Adjourning the final verdict against former president Mohamed Morsi in the espionage and prison break trials is a pure “political move” to save the current regime embarrassment in front of the international community, a Muslim Brotherhood spokesperson said.
Earlier Tuesday, the Cairo Criminal Court postponed the espionage and prison break trials to 16 June. On the same day, President Abdel Fattah Al-Sisi started an international visit, where he is expected to visit Germany and meet Chancellor Angela Merkel.
Morsi and other Muslim Brotherhood leaders are accused in the cases, with some already having been handed death sentences, including Morsi.
“Imagine a country’s coup leader visiting a European country where he is leaving the legitimate leader to face possible execution. The coup leaders will not look good,” the spokesperson added.
The court had previously referred the files of the defendants to the Grand Mufti for consultation. The defendants include the former president, Muslim Brotherhood Supreme Guide Mohamed Badie, former parliamentary speaker Saad Al-Katatni, and renowned Muslim scholar Yusuf Al-Qaradawi.
Morsi and 34 other Brotherhood members are accused of storming Wadi El-Natrun prison and escaping it in the early days of the 25 January Revolution. The charges included kidnapping police officers and detaining them in the Gaza Strip.
Outside the heavy fortified Police Academy, special forces from the riot police secured the vicinity of the court.
Only Egyptian state television was allowed in to the court, while media personnel from other outlets were allowed to report from outside the Police Academy.

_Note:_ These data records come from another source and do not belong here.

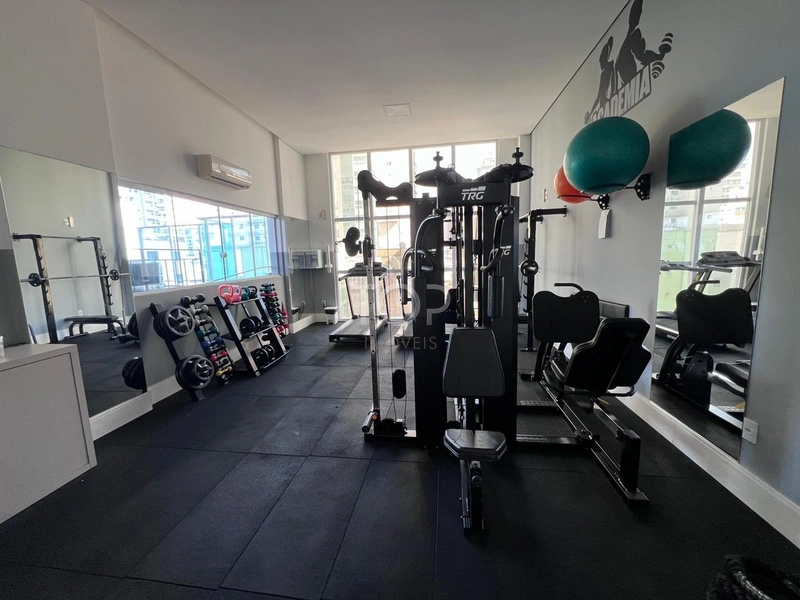 MOBILIADO EM MEIA PRAIA: 36ª foto da galeria de imagens do imóvel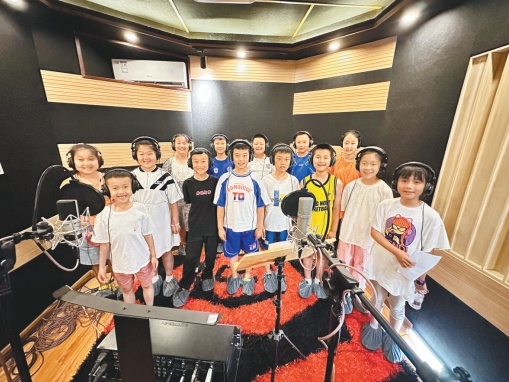两年里，奶酪童声合唱团已经发行了30多首原创歌曲。受访者供图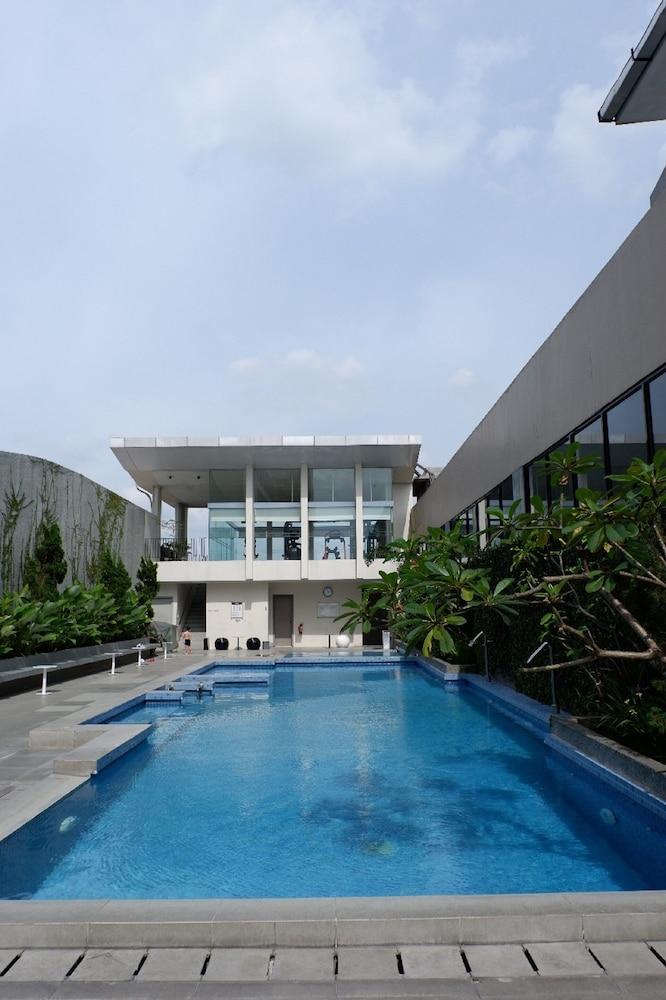 The Premiere Hotel Pekanbaru Zewnętrze zdjęcie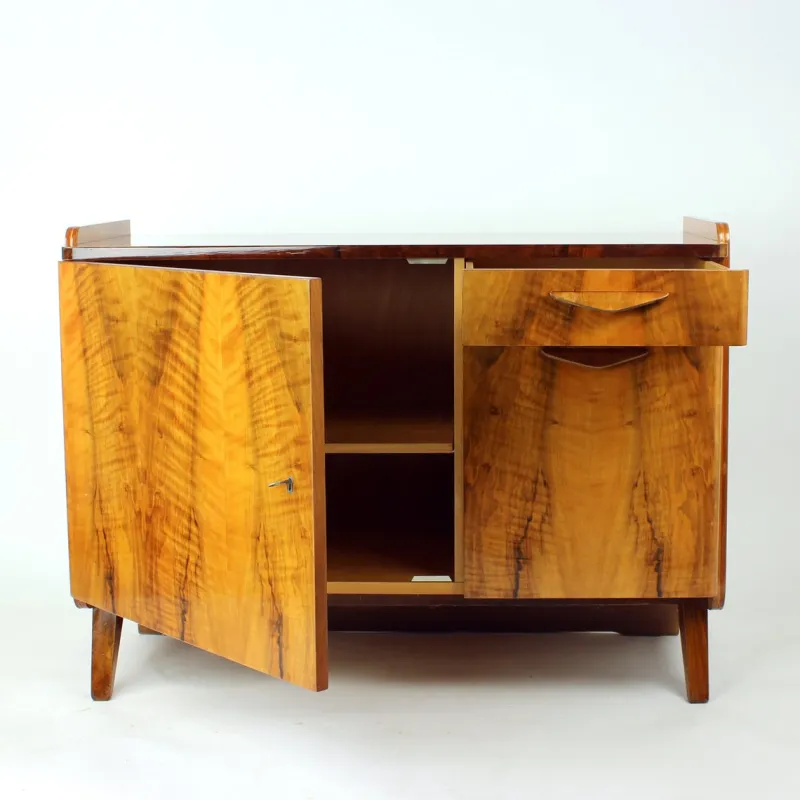 Sale Pamono Mid-Century Sideboard in Walnut Veneer from Tatra, Former Czechoslovakia, 1960s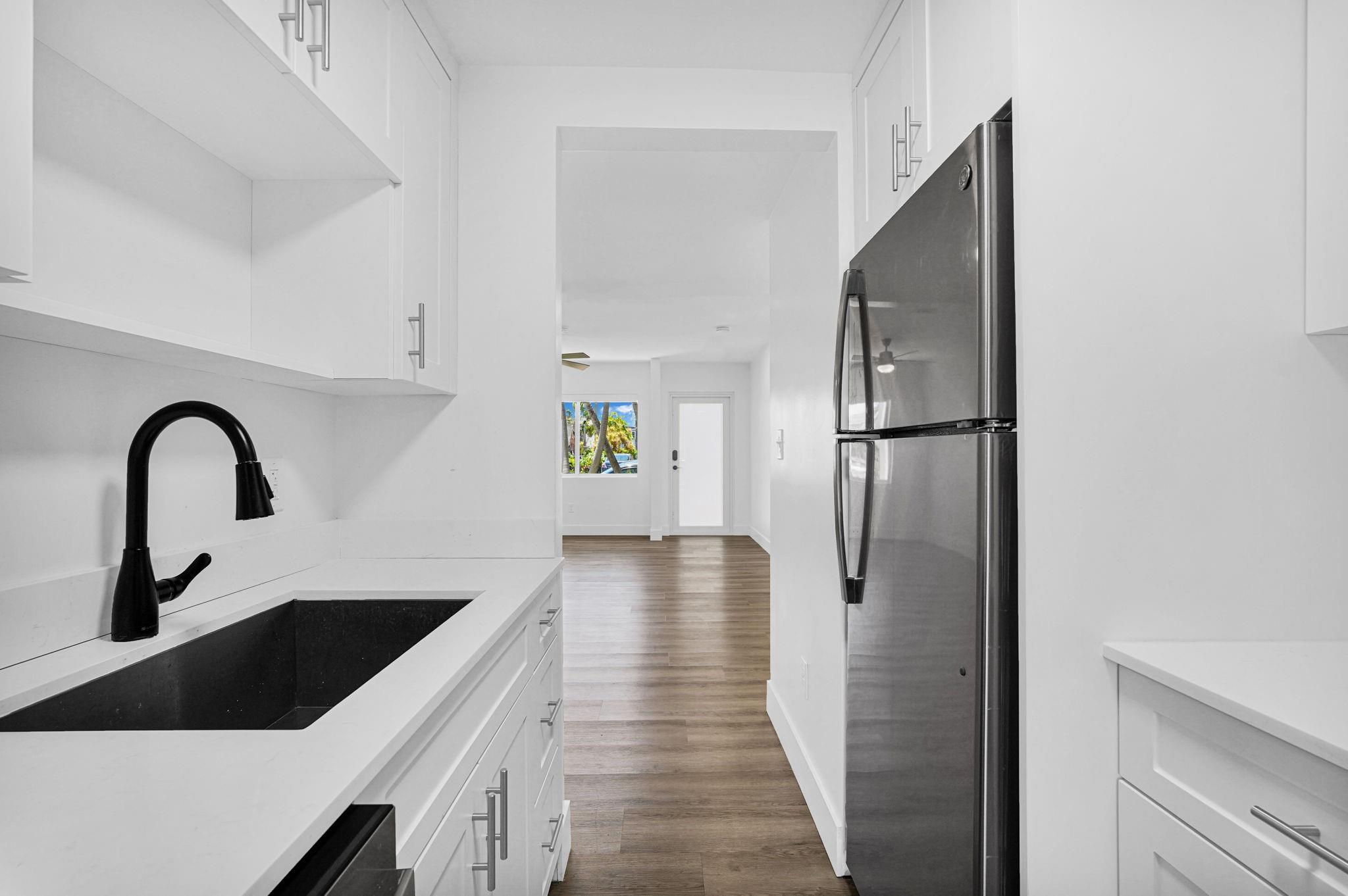 725 81st St Miami Beach, FL 33141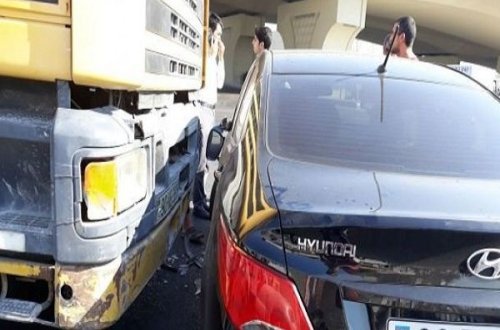 Minik avtomobili beton qarışdıranla toqquşdu – FOTO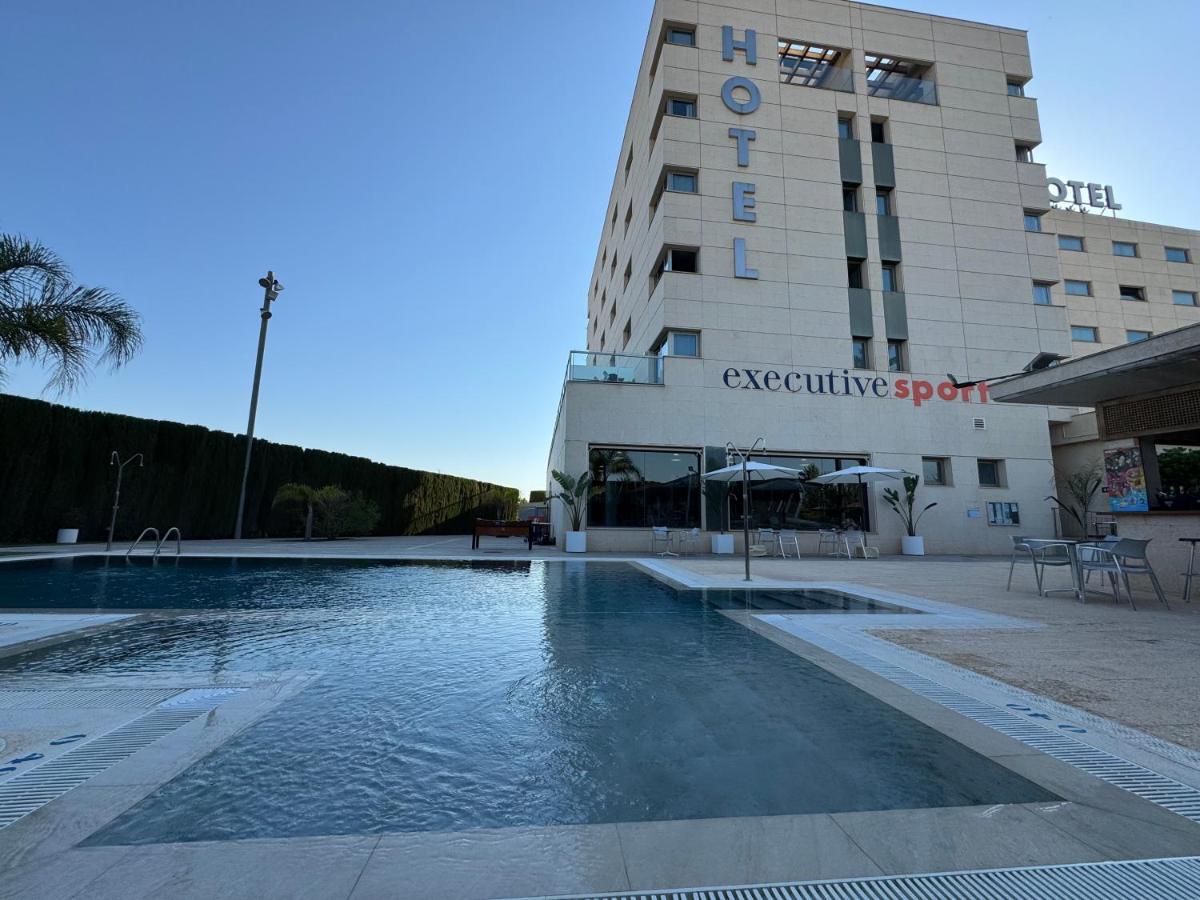 Piscina en o cerca de Executive Sport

The political arm of the Brotherhood, the Freedom and Justice Party (FJP), said “it is not surprised by this highly politicised decision”. It added as Al-Sisi is due to meet German officials, noting that it is not a coincidence either that the chosen date is 16 June.
Egypt is expected participate in the African Union Summit in South Africa this June.
“However, worldwide public opinion must not be fooled by today’s politicised decision,” the party said.
Morsi, who was the head of the party, was sentenced in April to 20 years imprisonment in the ‘Presidential Palace’ case, alongside 12 other defendants. They were accused of violence that erupted outside the Presidential Palace on 5 December 2012.
Morsi has been in custody since his ouster by the military on 3 July 2013.
Until his first appearance in court on 4 November 2013, his place of detention was unknown.
The former president, who came to power on 30 June 2012, admitted in a televised interview with Al Jazeera channel on 28 January 2011 that civilians stormed into the prison and freed them.